McLaren Applied secures UK government funding for 18-month research programme

Collaboration with Peregrine MLS and Warwick Manufacturing Group to investigate automation viabilities.

McLaren Applied has secured UK government funding for an 18-month research programme.

Confirmed:

  • Programme to investigate the viability of automating high-performance stator winding
  • Collaborators include Peregrine MLS and Warwick Manufacturing Group
  • Stators are currently hand-wound, increasing production time and cost and reducing efficiency

Context:

The technology to machine-wind mass-produced stators (a stationary component of an electromagnetic device) is already in use. But, there is currently no capacity to automate the production of high-performance variants. These require an even denser wind than standard, making their construction a more costly, time consuming and labour-intensive process.

Comment:

Thomas Keenan, head of motorsport operations at McLaren Applied, said: “We at McLaren Applied are very excited by the capabilities this funding will unlock, and the benefit it will bring to all members of the project team. The funding support enables the project team to invest in the winding automation of high-performance stators to exacting standards, reducing the number of hours in the manufacture of our market leading performance alternator products.

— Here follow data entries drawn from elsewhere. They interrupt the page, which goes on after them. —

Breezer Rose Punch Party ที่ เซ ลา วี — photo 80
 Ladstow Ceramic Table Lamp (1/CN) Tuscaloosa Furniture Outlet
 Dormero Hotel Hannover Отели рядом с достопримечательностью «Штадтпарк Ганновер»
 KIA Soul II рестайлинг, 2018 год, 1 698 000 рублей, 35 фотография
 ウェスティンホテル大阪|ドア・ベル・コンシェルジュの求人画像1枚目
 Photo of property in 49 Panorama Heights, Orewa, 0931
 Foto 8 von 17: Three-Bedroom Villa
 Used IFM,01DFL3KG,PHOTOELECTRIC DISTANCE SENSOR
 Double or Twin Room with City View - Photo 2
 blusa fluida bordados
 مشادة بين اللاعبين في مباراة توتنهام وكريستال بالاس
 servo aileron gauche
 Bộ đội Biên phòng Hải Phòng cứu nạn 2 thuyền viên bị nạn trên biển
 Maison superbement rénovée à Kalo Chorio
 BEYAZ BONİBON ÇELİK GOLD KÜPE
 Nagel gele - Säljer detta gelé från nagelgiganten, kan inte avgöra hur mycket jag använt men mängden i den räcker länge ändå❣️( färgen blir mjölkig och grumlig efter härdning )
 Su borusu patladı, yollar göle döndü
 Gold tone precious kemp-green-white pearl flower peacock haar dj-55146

“For McLaren Applied, it will enable our business to maintain our competitiveness in existing markets while increasing the scalability of our products into new adjacent sectors, allowing the growth of our business in this critical area.”

Coming next:

The ability to produce next-generation alternators using machine-wound stators with higher output, and reduced size, weight and cost, will provide new opportunities in applications where competitive advantages are hard to identify. Not only would this strengthen McLaren Applied’s position in the motorsport, automotive and aeronautical markets, but also create new, world leading supply chain capability in the UK.